Beginning with the line containing "Camiseta de Fútbol" and ending at the last line of the data, set down every line exactly, leaving out all pictures.

╭─ GIVEN RECORDS

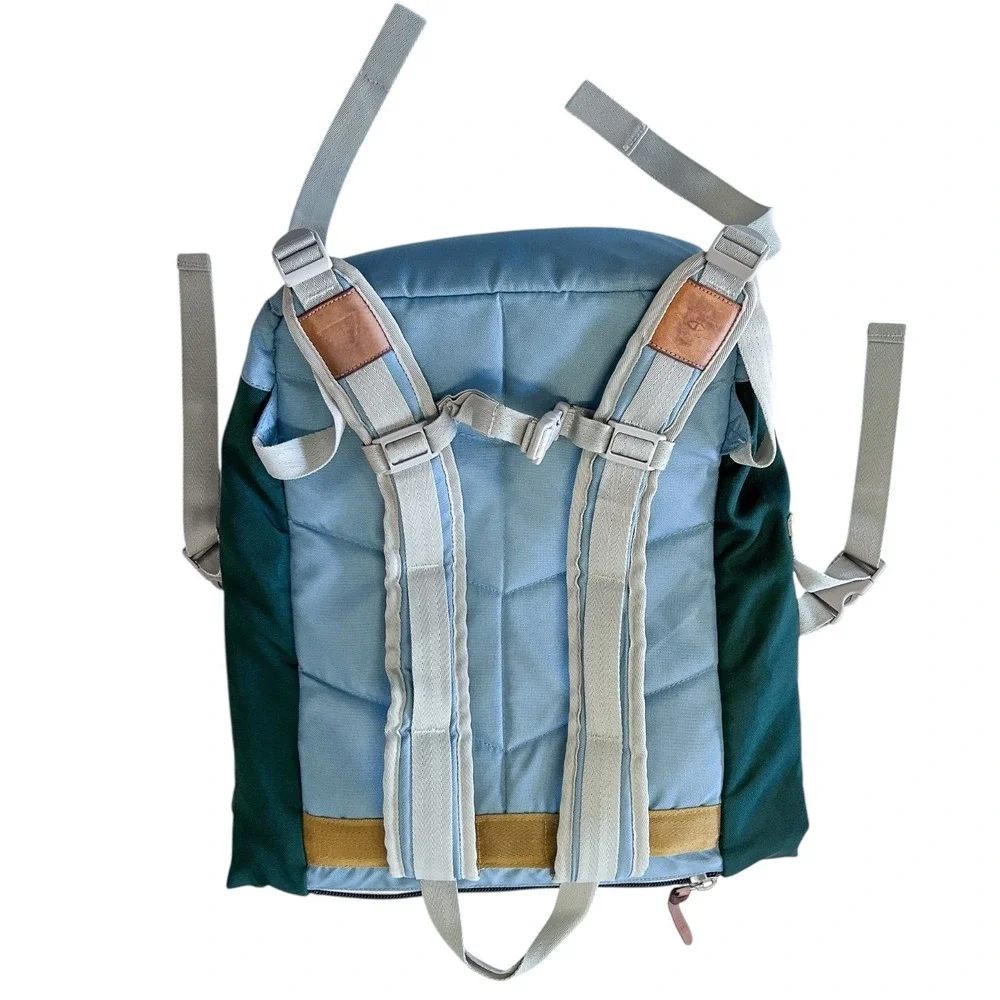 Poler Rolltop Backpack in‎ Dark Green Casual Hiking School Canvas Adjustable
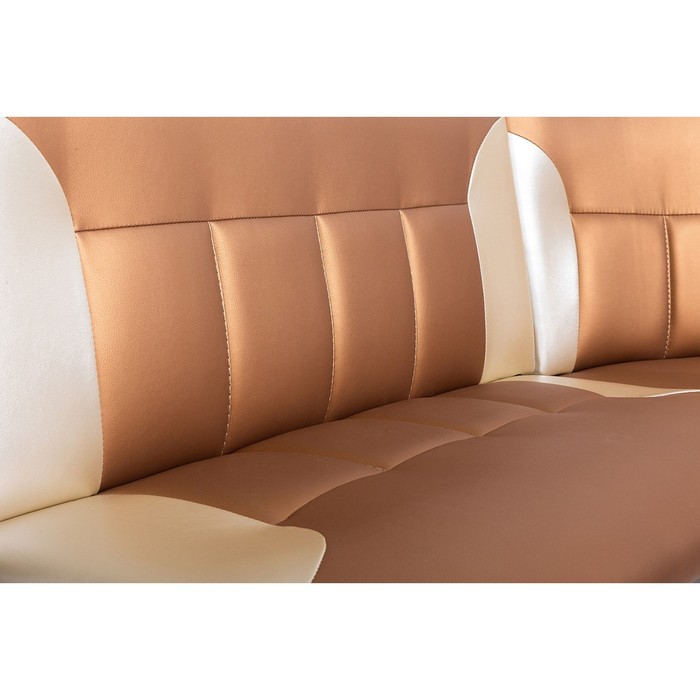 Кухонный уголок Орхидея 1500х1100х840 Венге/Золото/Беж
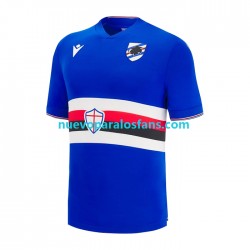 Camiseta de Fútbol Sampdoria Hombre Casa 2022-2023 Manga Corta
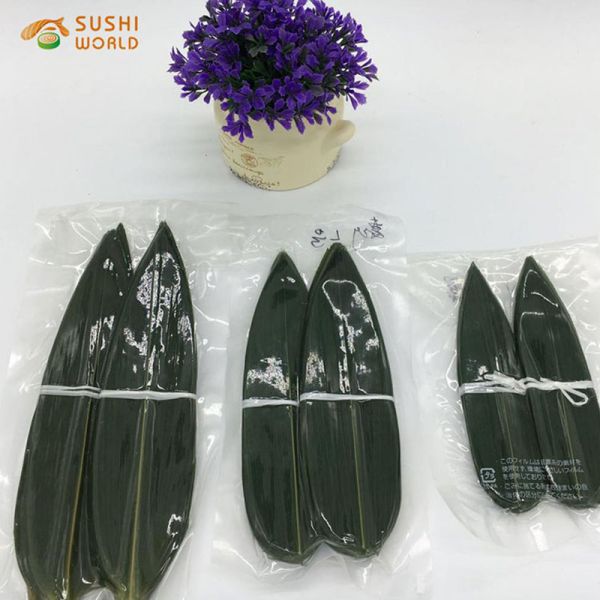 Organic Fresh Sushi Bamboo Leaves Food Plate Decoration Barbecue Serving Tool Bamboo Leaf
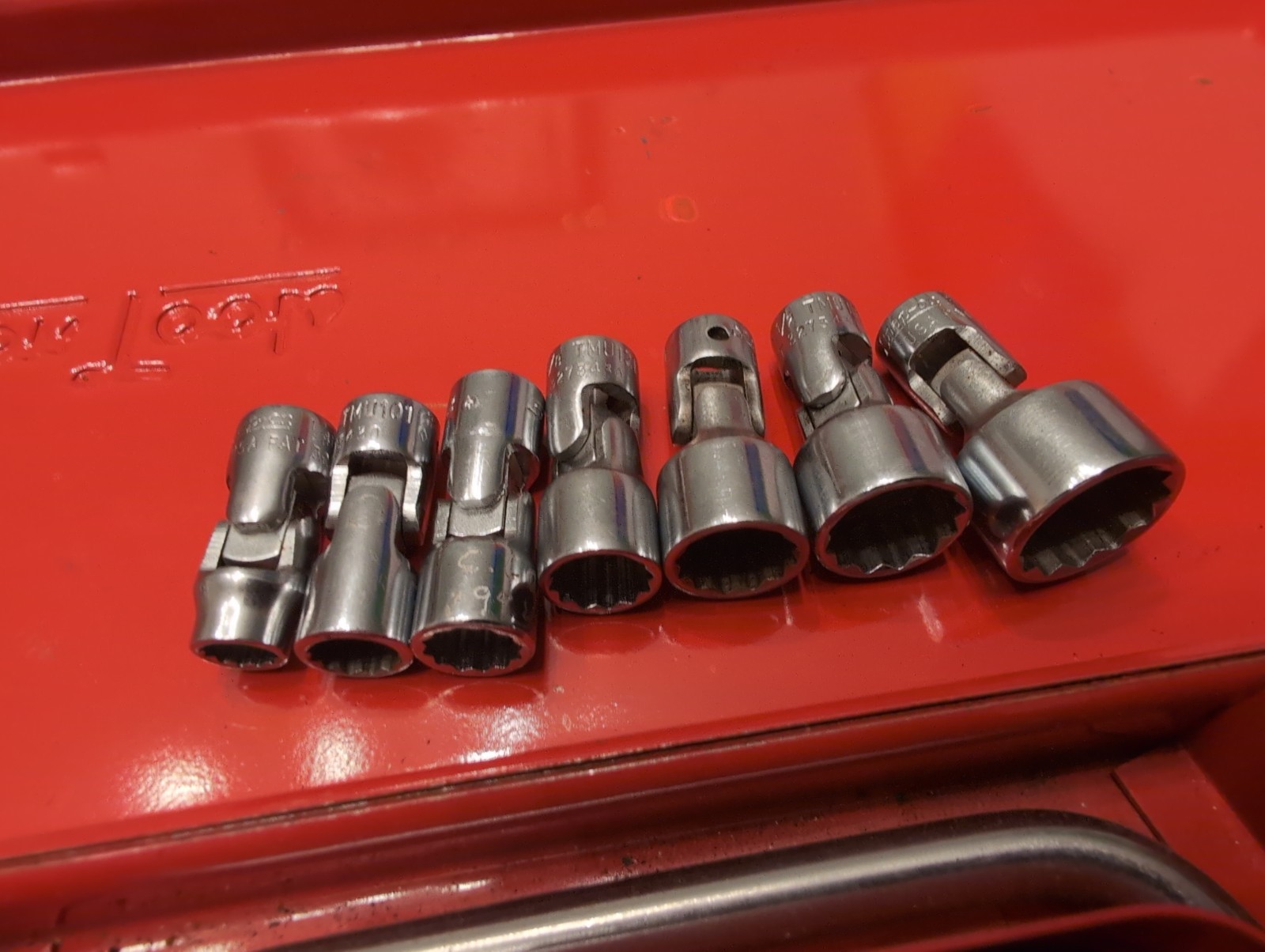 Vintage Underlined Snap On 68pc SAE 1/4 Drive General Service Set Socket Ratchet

╰─

→ FINAL ANSWER:
 Camiseta de Fútbol Sampdoria Hombre Casa 2022-2023 Manga Corta
 Organic Fresh Sushi Bamboo Leaves Food Plate Decoration Barbecue Serving Tool Bamboo Leaf
 Vintage Underlined Snap On 68pc SAE 1/4 Drive General Service Set Socket Ratchet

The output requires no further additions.